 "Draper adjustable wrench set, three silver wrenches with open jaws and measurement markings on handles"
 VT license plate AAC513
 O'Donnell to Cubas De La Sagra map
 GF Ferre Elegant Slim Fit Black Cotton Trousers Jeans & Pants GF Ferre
---
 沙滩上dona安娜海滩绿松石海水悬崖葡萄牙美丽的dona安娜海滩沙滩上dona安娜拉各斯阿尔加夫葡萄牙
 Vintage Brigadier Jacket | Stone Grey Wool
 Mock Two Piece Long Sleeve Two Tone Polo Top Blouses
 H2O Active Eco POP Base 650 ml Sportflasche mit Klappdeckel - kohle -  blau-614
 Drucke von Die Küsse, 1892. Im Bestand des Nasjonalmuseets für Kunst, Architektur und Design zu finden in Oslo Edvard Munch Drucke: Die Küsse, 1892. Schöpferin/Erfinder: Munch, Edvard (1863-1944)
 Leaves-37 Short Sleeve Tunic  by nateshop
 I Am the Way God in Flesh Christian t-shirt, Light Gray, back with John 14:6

_Exercise_
Considering only the data above, return the lines in which "Sleeve" occurs.

_Solution to this problem_
 Mock Two Piece Long Sleeve Two Tone Polo Top Blouses
 Leaves-37 Short Sleeve Tunic  by nateshop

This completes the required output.